Thanks for all your thoughtful replies!

I've been researching some of the breeds, but with a general google search, I wind up with breeders that expecting to sell show or pet pups, not working pups. They also seem to completely frown upon the dogs living outside, and not having a fenced yard, no matter what the acreage or reason for owning the dog.

Do your LGD's do double duty as property guardians? I thought I read about many of them doing that. If so, whendealing with humans, you'd need to train them to respond to commands much like protection dogs, to avoid litigation, and avoid your friends being "protected" against, right?

Am I barking up the wrong tree (LOL)? Should I refine my research for "all around farm dog"? I'm trying to learn as much as possible quickly, so perhaps I've confused all the different classifications and jobs, etc.

Thanks again!

Stephi


----------



## HappyFarmer (Jun 17, 2006)

Our intact male Pyr is dual purpose. House dog at night, pasture guard during the day. He does fantastic at both, cept at around 4 years old we had to start refraining him from house visitors. The slightest move towards one of us and he goes into overdrive. Good thing, but not at my relatives or friends who visit! My grandson is the most protected of us all. Poor kid can't sneeze without the dog(s) seeing what's wrong.

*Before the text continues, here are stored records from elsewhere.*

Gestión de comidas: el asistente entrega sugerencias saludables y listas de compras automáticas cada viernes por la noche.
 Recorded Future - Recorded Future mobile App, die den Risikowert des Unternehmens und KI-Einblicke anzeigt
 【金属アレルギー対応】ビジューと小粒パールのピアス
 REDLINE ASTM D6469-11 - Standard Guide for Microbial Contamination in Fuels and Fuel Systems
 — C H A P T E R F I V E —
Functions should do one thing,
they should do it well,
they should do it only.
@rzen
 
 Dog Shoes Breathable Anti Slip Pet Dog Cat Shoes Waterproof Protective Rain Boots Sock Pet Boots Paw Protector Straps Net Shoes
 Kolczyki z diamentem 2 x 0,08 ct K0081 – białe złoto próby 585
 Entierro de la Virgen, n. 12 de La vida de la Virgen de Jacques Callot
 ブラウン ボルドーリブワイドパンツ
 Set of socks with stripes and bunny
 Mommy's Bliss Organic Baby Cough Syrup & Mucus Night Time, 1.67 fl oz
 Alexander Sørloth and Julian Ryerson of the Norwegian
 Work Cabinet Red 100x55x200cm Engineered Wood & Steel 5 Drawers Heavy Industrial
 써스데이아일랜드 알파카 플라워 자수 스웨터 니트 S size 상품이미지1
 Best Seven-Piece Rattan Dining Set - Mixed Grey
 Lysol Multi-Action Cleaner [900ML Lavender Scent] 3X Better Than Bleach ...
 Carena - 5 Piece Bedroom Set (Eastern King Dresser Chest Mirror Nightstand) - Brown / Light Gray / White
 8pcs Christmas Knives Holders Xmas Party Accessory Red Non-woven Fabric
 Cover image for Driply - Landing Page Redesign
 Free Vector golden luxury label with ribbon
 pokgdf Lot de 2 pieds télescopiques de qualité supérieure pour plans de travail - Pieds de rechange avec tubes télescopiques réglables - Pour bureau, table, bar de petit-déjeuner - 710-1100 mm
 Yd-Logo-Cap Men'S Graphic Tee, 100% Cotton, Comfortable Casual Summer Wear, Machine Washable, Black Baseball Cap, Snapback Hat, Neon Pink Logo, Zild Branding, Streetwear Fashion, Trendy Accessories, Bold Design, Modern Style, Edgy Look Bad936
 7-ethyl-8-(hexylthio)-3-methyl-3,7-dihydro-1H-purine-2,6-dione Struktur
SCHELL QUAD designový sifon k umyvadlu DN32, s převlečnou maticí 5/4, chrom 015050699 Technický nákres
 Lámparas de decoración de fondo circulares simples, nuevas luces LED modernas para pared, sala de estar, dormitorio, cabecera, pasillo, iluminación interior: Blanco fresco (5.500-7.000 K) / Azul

That boy is too smart for his britches, though. He opens our slider doors & goes for perimeter checks. Caught my uncle off guard once, Uncle tried to hook up to our trailer to borrow it. Our male held him there, until someone came & rescued him, applying just enough pressure to keep him there (and our trailer, too!). 

Our girls are pasture protection only. Noone except immediate family go in side those pastures, this they know. They do, however, know which house door to come to should they sneak out (happened on several occasions) or if they need to be treated for an injury. Typically if they get out they run to that door. So far we've always been home, not sure what they'll do if noone opens the door for them, I imagine eventually make it back where they belong but....

The yahoo groups have pups (& rescues) listed quite often.

HF


----------



## Goatress (Feb 4, 2011)

Best protection against litigation: tight fences....and YOU being alpha over your LGD's.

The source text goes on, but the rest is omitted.